Katie and I went to the great pizza place, which doesn't sound like much, but was exciting because there was an excellent variety, from aubergine- and pesto-topped (that's right, I've stopped using the word 'eggplant,' it's crude) pie to prosciutto and peppers. Yum! AND the pizza came in these giant slabs monitored by these petite femmes with pruning shears. Basically, I pointed to a type of pizza and made hand signals for how much, and the girls went to town with the scissors and cut me a custom-sized slice. THEN I paid by weight, which I found just delightful. Call me a sucker for the metric system.

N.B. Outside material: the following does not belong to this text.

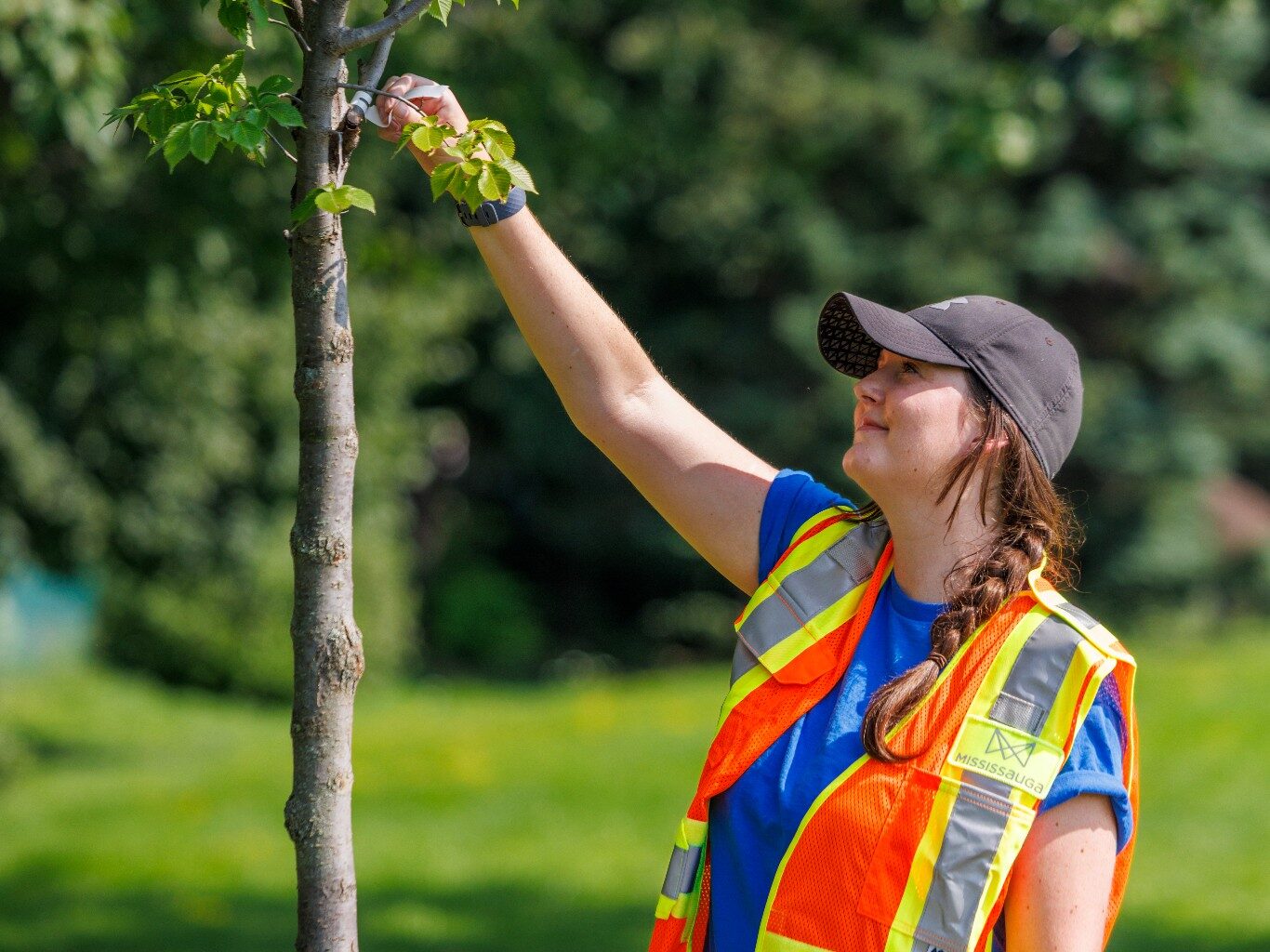 City staff taking care of a tree in public property.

Whew, just writing that little bit was exhausting, so I'm off to bed for now. See Part Deux tomorrow!

Sunday, July 1, 2007

Pictures of dessert.

I know pictures aren't the be-all and end-all when it comes to food, but I had to put up a couple of dessert pictures. Nicole was here in Pisa this week, and so we went out for some very nice meals at some nice trattorias and osterias. Here are two standout desserts we had:

First, on my birthday, we had a Lemon Sorbet in Prosecco at the Osteria De Cavalieri, which I've mentioned before. Prosecco is sort of an Italian Champagne, basically sparkling white wine. The tartness of the sorbet and the dryness of the wine work beautifully together:

Last night (Saturday), we went to a trattoria, whose name I sadly don't remember, but we had what the waitress simply described as "chocolate cake". It didn't do it justice. Moist, souffle-esque, and accompanied by perfectly ripe apricots.